→ **Goal of the exercise**
Reproduce the entire listing exactly as written, apart from its pictures.

→ **Supplied information**

--- START ---

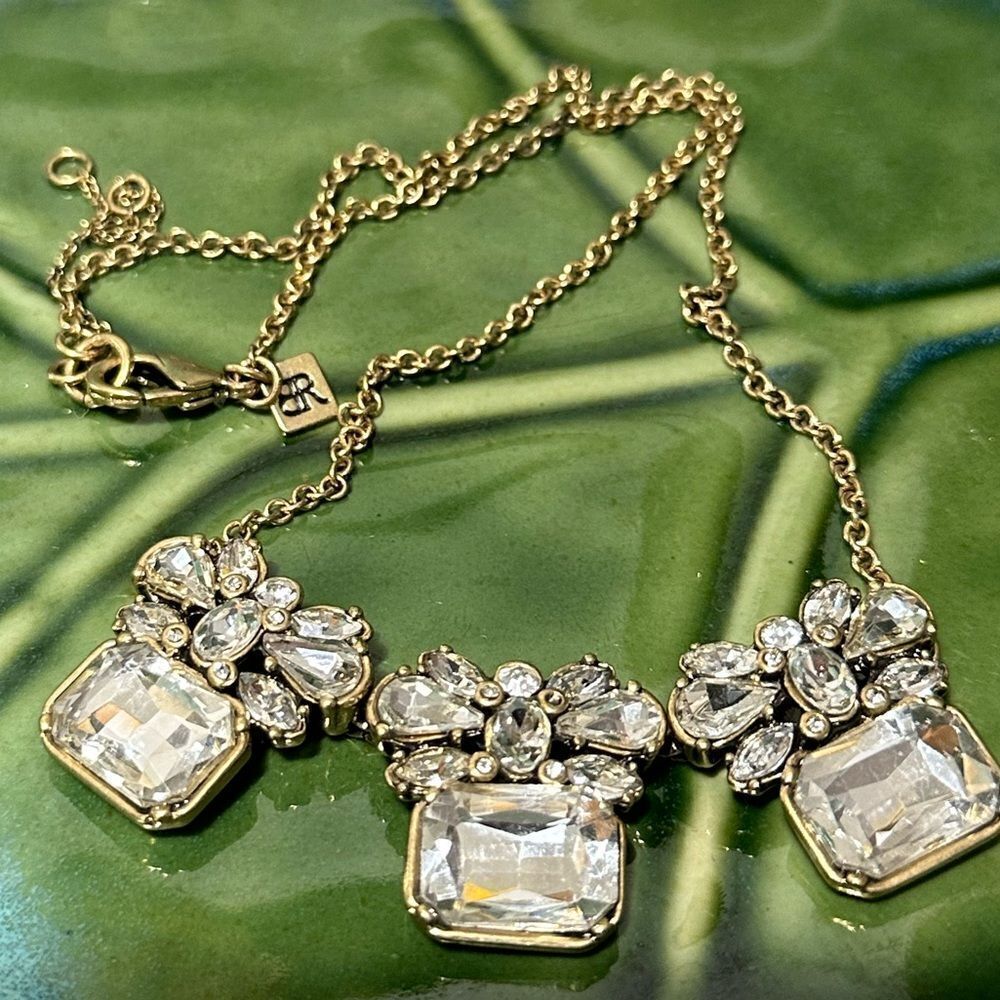 VTG Banana Republic Rhinestone Necklace 16” Gold/Brass Tone Triple Drop Signed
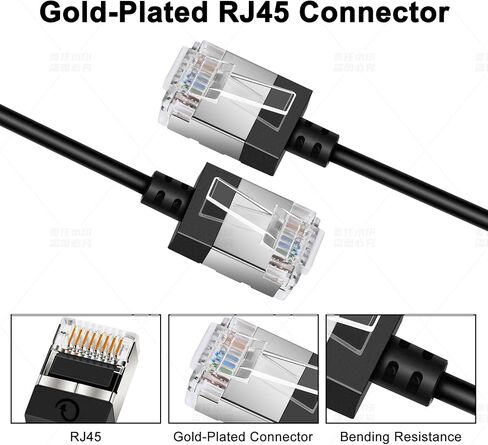 كابل إيثرنت مرن بزاوية 270 درجة لأعلى 15Ft-2pack رفيع للغاية ونحيف Rj45 Cat 6 LAN سلك Gigabit rj45 للكمبيوتر الشخصي. طابعة. (أسود) in Kuwait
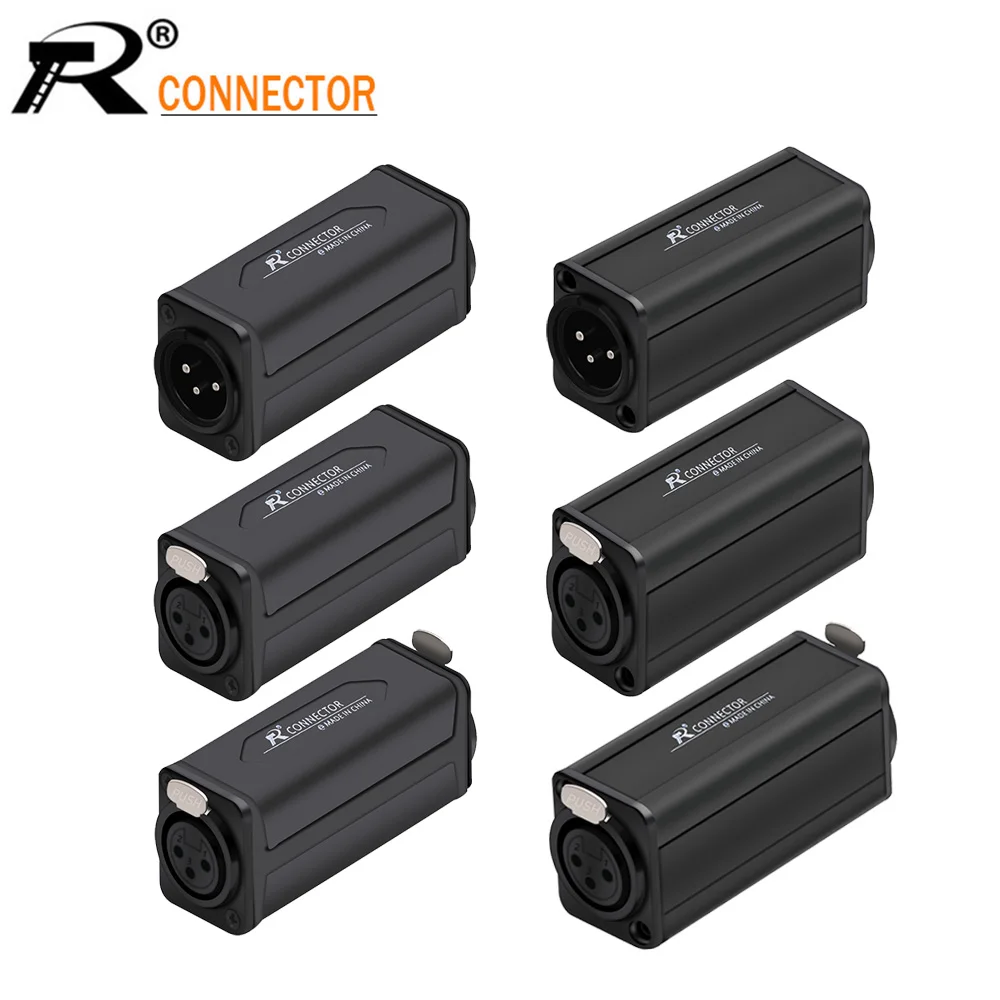 

1PC High quality Black 3PIN XLR Straight Adapter High quality XLR Panel Mount Connector Male to Female Extension Adapter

--- END ---

→ **Task result**
 VTG Banana Republic Rhinestone Necklace 16” Gold/Brass Tone Triple Drop Signed
 كابل إيثرنت مرن بزاوية 270 درجة لأعلى 15Ft-2pack رفيع للغاية ونحيف Rj45 Cat 6 LAN سلك Gigabit rj45 للكمبيوتر الشخصي. طابعة. (أسود) in Kuwait

1PC High quality Black 3PIN XLR Straight Adapter High quality XLR Panel Mount Connector Male to Female Extension Adapter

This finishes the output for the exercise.